A container storage facility off the coast of Preah Sihanouk province that allows Cambodia to blend oil before export could hold the key to sustainable growth in the country’s nascent energy sector, according to a Danish oil and gas expert.
With Chevron positioned to lead offshore oil extraction in the Gulf of Thailand by as early as 2016, Tommy Christensen, chief executive of Denmark-based Go4 Bunker Cambodia, presented his “energy roadmap” to government officials and industry experts at the Sunway Hotel on Friday.
Go4 Bunker’s expertise is in the storage and shipment of fuels post-oil extraction, particularly the development of bunkers that can serve as gas stations at sea to supply passing vessels.
“The crude oil in the Southeast Asian region is not a standalone crude oil, it’s a crude oil that needs to be mixed up with another crude oil to meet the demand both in Thailand, which has the largest petrochemical industry in Asia, and also Vietnam and China,” Christensen said.
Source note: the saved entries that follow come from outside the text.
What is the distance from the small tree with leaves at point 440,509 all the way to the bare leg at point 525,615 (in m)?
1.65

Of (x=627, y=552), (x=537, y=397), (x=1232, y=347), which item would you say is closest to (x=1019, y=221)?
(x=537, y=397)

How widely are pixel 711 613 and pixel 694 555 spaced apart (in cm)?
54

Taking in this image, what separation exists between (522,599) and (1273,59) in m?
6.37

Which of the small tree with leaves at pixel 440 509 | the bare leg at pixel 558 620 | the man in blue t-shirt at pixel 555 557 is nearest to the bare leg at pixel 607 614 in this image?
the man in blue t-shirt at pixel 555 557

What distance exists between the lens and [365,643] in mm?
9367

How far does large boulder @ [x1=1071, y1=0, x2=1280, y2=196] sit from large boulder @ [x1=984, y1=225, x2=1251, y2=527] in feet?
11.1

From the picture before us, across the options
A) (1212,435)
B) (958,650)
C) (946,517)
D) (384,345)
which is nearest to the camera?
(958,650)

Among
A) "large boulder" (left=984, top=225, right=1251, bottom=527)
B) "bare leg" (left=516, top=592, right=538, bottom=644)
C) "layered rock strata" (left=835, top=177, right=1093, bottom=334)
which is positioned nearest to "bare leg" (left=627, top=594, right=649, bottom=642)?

If he had his way, the storage facility would be stationed around the Koh Wai islands in the Gulf of Thailand, acting as an initial link allowing Cambodia to retain more value from oil extraction.
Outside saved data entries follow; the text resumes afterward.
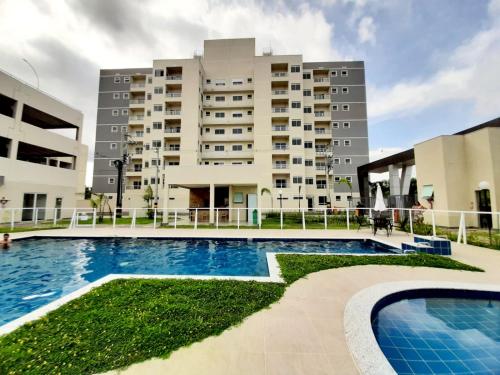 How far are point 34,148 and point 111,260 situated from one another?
20820mm

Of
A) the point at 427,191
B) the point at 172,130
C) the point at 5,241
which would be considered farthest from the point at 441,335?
the point at 172,130

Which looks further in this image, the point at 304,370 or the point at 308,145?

While Christensen’s roadmap does include future plans for an oil refinery, the $2.3 billion Chinese-backed oil refinery slated for Preah Sihanouk and Kampot Provinces in 2015 is too much, too soon, he said.
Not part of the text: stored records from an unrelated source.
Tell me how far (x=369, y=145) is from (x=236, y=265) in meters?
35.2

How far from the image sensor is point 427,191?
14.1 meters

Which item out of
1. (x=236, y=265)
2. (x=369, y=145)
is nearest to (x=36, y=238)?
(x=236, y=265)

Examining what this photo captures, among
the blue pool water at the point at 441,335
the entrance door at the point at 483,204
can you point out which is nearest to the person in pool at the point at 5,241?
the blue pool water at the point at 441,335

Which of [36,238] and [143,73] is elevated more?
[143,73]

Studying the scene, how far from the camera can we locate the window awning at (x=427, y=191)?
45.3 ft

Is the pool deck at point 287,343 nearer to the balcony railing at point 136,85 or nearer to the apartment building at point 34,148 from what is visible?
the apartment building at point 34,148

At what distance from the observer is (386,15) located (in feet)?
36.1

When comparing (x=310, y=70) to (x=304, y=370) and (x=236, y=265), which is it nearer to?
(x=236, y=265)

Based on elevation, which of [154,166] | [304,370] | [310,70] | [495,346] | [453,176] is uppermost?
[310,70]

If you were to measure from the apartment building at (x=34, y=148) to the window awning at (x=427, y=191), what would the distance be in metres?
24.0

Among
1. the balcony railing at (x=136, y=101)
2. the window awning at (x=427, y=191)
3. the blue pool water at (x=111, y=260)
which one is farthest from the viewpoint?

“Before you consider a refinery, you have to consolidate your off-shore first, otherwise your economy will never work,” he said.
At the point of development where a “smaller’ refinery does make sense, Christensen says the next steps are to consider piping oil north to the nation’s capital, with benefits flowing on to smaller power plants being built in Cambodia’s provinces.
As wishful as his ideas may sound, they have backers, including Danish Ambassador to Cambodia Mikael Hemniti Winther.
“It is something we have a lot of comparative advantage in, not in the big oil drilling, but we have the technology to support a lot of the processes ” Winther said, referring to Denmark’s success in the maritime industry and oil industry technology development.
Winther said that Danish companies offer a sustainable approach to development in Cambodia, citing Danish brewer Carlsberg, which partners with Angkor brewery, as one such example.
“They provide this high-quality input; they cooperate with partners; they do a lot of training of staff; they are here for the long haul,” he said.
Men Den, a spokesman for the Cambodia National Petroleum Authority, said that, while there’s potential in the Danish concept, more needs to be done to understand what the available options are for both economic development and environmental protection.
“This one depends on technology; we need to study the alternatives and consider which is best,” he said.
The storage facility is one link in Christensen’s breadth of interconnected ideas for the energy sector’s role in society. He also envisions a not-for-profit Danish technical training facility to support the educational requirements the industry demands, and an oil pipeline that would cut down on the need for transportation, taking trucks off the road and reducing road fatalities.